-- Records shown follows --
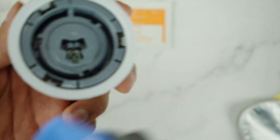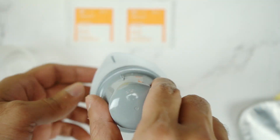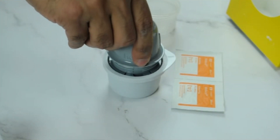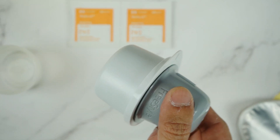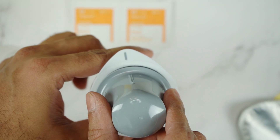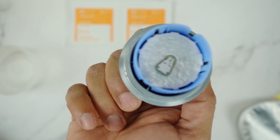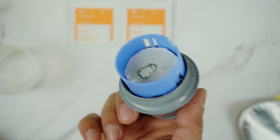The groove means it can go only in one direction, so you have to align this groove right here like this, and then you press it hard until it clicks. Once you hear it click, you know that the sensor is attached. As you can see, the sensor is now attached and it is ready to be inserted.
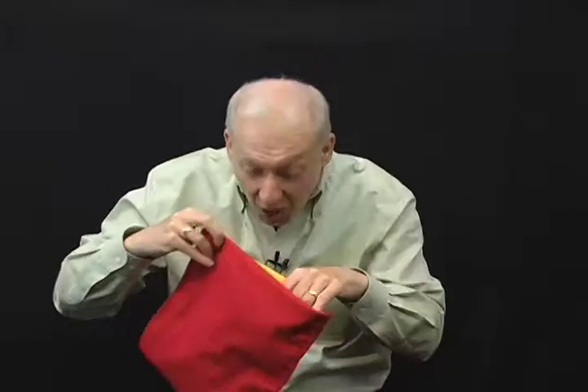I ask the audience: anyone here lose a red bag with a hundred dollar bill in it? A hand goes up. You know what, maybe it's the lighting in here, I'm sorry. Anybody lose a yellow bag with a hundred dollar bill in it? More hands go up. My mistake — anybody lose a blue bag with a hundred dollar bill in it?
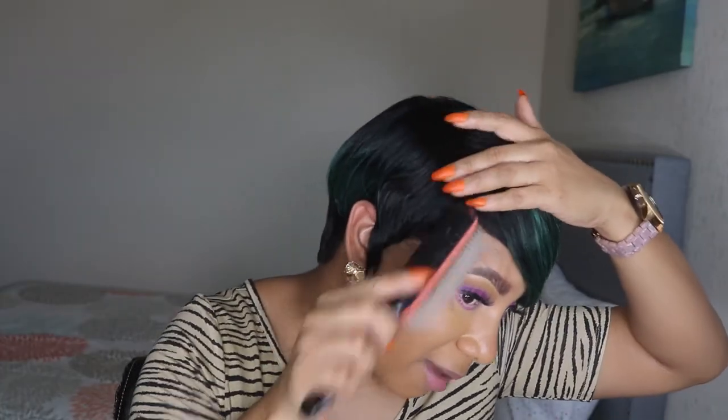You ain't got no shedding yet, but I ain't done nothing to this. Hold on, let me brush some more. You don't need no mousse. Look how it's laid — I didn't do nothing to it. Just took it out of the pack and it is laid, honey. Laid.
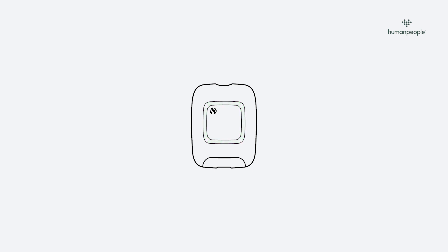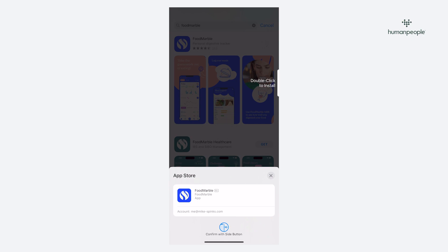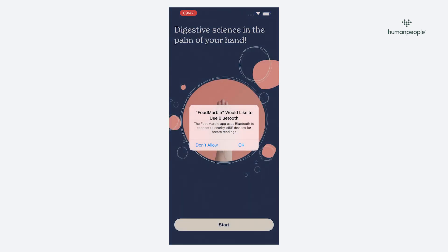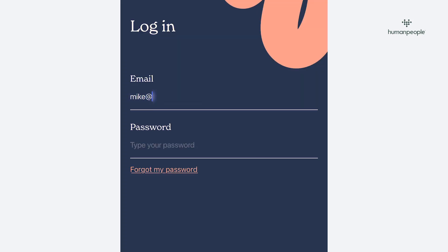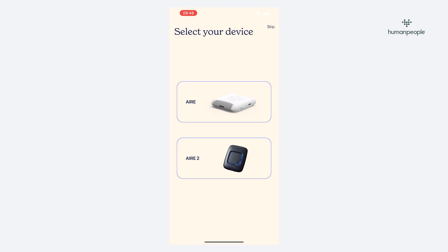The light on the device will show green once fully charged. You can download the FoodMarble app from both the Apple App Store and Google Play Store depending on your mobile device. Make sure you download the blue app. Follow the instructions and login using the account details you previously created, then connect your FoodMarble device by following the on-screen instructions.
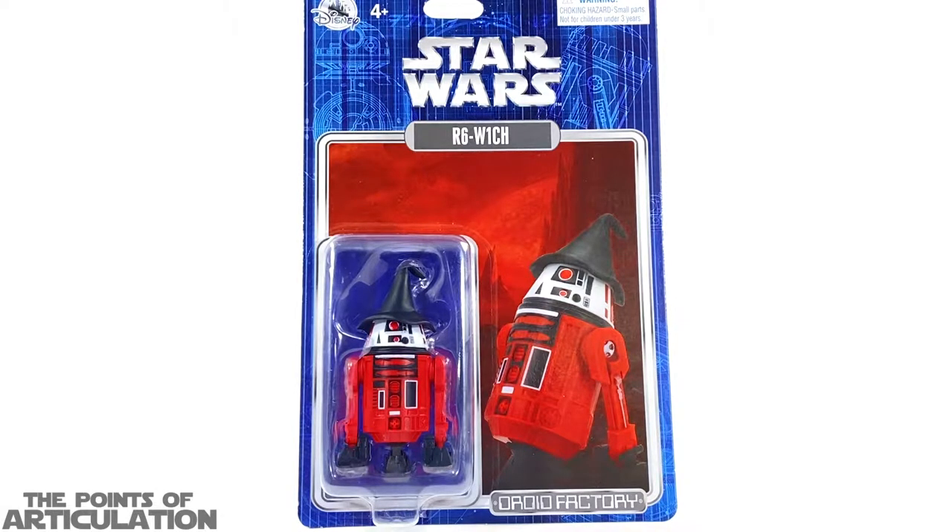The R6-W1CH, released in 2021 — now the R6-Witch, as it's known, is an exclusive to Disney World. You would have to go down there and go to a certain shop to pick it up. Luckily for me, my good friend Barb and her daughter went down to Disney World, went to the exact shop, and picked this up for me, along with another Droid Factory exclusive set which we're going to compare this with later. Barb, thank you so much. This thing is awesome. I know the three-and-three-quarter-inch figures aren't everybody's cup of tea.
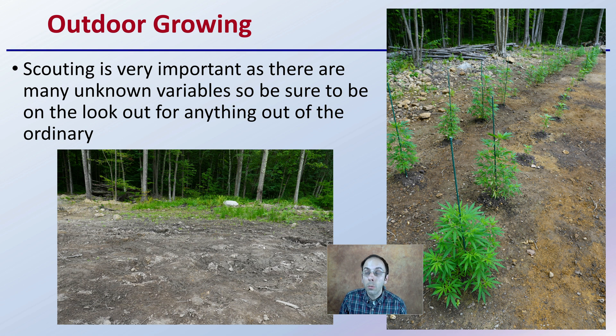Also look at just the general area — what weeds are growing in a particular area, whether there are a lot of trees, stumps, or rocks. These are all variables that people want to take into consideration if you're looking at growing your cannabis outdoors.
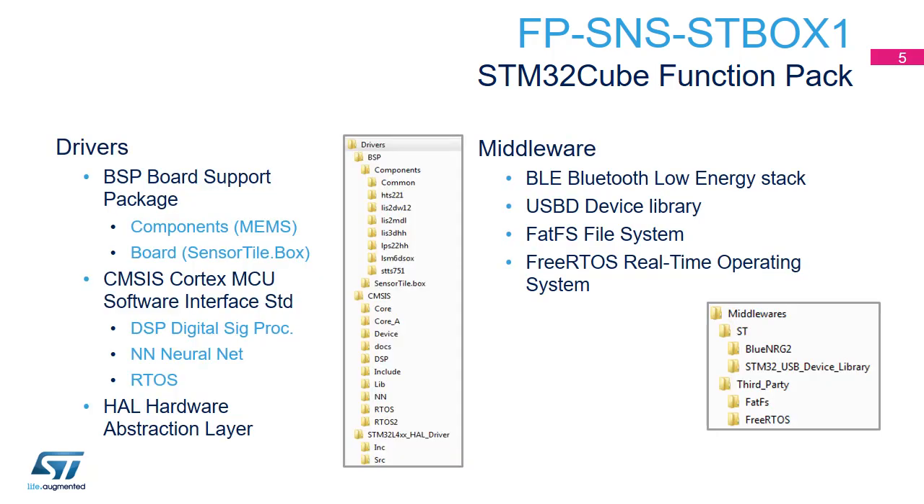The driver directory displays all the drivers for each component included in SensorTile.Box and the board support driver for the .Box. The middleware directory includes four middleware packages: Bluetooth, the FATFS file system, the FreeRTOS real-time operating system for multi-thread examples, and the USBD device library.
-- Records shown concluded --
# Task objective
Set down the material above exactly as written, but not the pictures.

# Reply
The groove means it can go only in one direction, so you have to align this groove right here like this, and then you press it hard until it clicks. Once you hear it click, you know that the sensor is attached. As you can see, the sensor is now attached and it is ready to be inserted.
I ask the audience: anyone here lose a red bag with a hundred dollar bill in it? A hand goes up. You know what, maybe it's the lighting in here, I'm sorry. Anybody lose a yellow bag with a hundred dollar bill in it? More hands go up. My mistake — anybody lose a blue bag with a hundred dollar bill in it?
You ain't got no shedding yet, but I ain't done nothing to this. Hold on, let me brush some more. You don't need no mousse. Look how it's laid — I didn't do nothing to it. Just took it out of the pack and it is laid, honey. Laid.
The light on the device will show green once fully charged. You can download the FoodMarble app from both the Apple App Store and Google Play Store depending on your mobile device. Make sure you download the blue app. Follow the instructions and login using the account details you previously created, then connect your FoodMarble device by following the on-screen instructions.
The R6-W1CH, released in 2021 — now the R6-Witch, as it's known, is an exclusive to Disney World. You would have to go down there and go to a certain shop to pick it up. Luckily for me, my good friend Barb and her daughter went down to Disney World, went to the exact shop, and picked this up for me, along with another Droid Factory exclusive set which we're going to compare this with later. Barb, thank you so much. This thing is awesome. I know the three-and-three-quarter-inch figures aren't everybody's cup of tea.
Also look at just the general area — what weeds are growing in a particular area, whether there are a lot of trees, stumps, or rocks. These are all variables that people want to take into consideration if you're looking at growing your cannabis outdoors.
The driver directory displays all the drivers for each component included in SensorTile.Box and the board support driver for the .Box. The middleware directory includes four middleware packages: Bluetooth, the FATFS file system, the FreeRTOS real-time operating system for multi-thread examples, and the USBD device library.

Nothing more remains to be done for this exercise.